So if computers can’t read words the same way we do, then how can Google cloud drop do it? The answer is through API, or Application Programming Interface. This is a learning software that helps develop apps, and can teach computers how to recognize things not written in computer code. A programmer creates a code that explicitly tells the computer what certain letters look like, how to recognize letters that are grouped together to form words, and even some specific words. The computer is then put to work.

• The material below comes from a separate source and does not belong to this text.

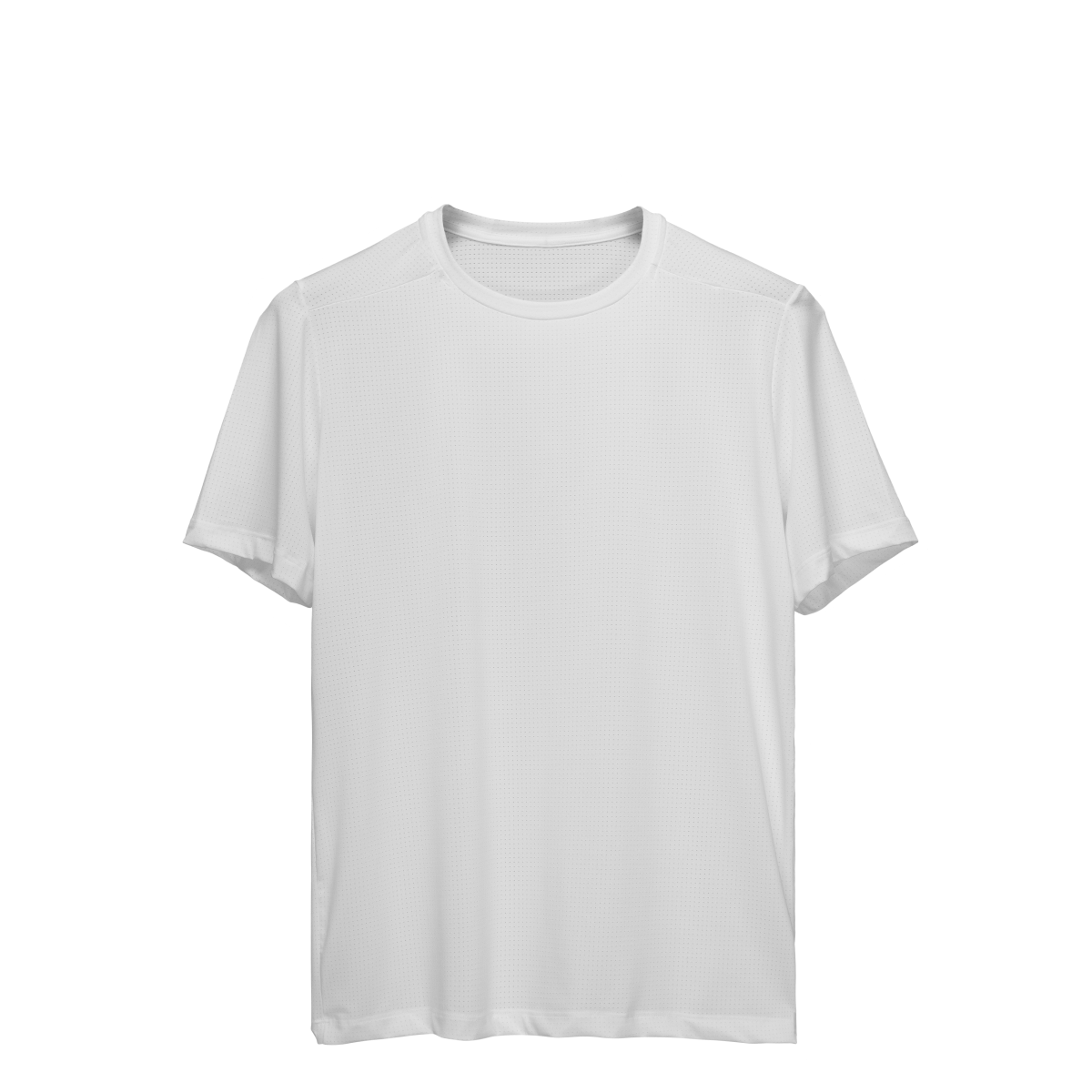 Camiseta Sport Dry Uv Lisa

However, the computer only has the basics and can’t always recognize all words. Sometimes it will still mistake certain letters for others, especially if they’re smudged or slightly too close together, causing some pretty wacky transcriptions. For example, if I see the typo “Ihope to see you againsoon”, I know that “I” and “hope”, and “again” and “soon” are meant to be seperated, but a computer will think it’s one word, or blend a few letters together like this: “agaiÑoon”.
But because it’s a learning software, you can actually correct its errors and teach it what the correct thing is, and the computer will remember that for next time. If you repeat this process enough times the computer will eventually be able to do it without help. This learning curve is what keeps many website builders from using it, except as a seperate application that won’t affect their own platform.
At the WWPL, our cloud drop is still in need of lot’s of editing, and can only handle documents under 25 KB. But it’s still saved me a bit of time on transcribing. Instead of spending 30 mins on a document, I’m spending about 15 just editing. So that’s an improvement.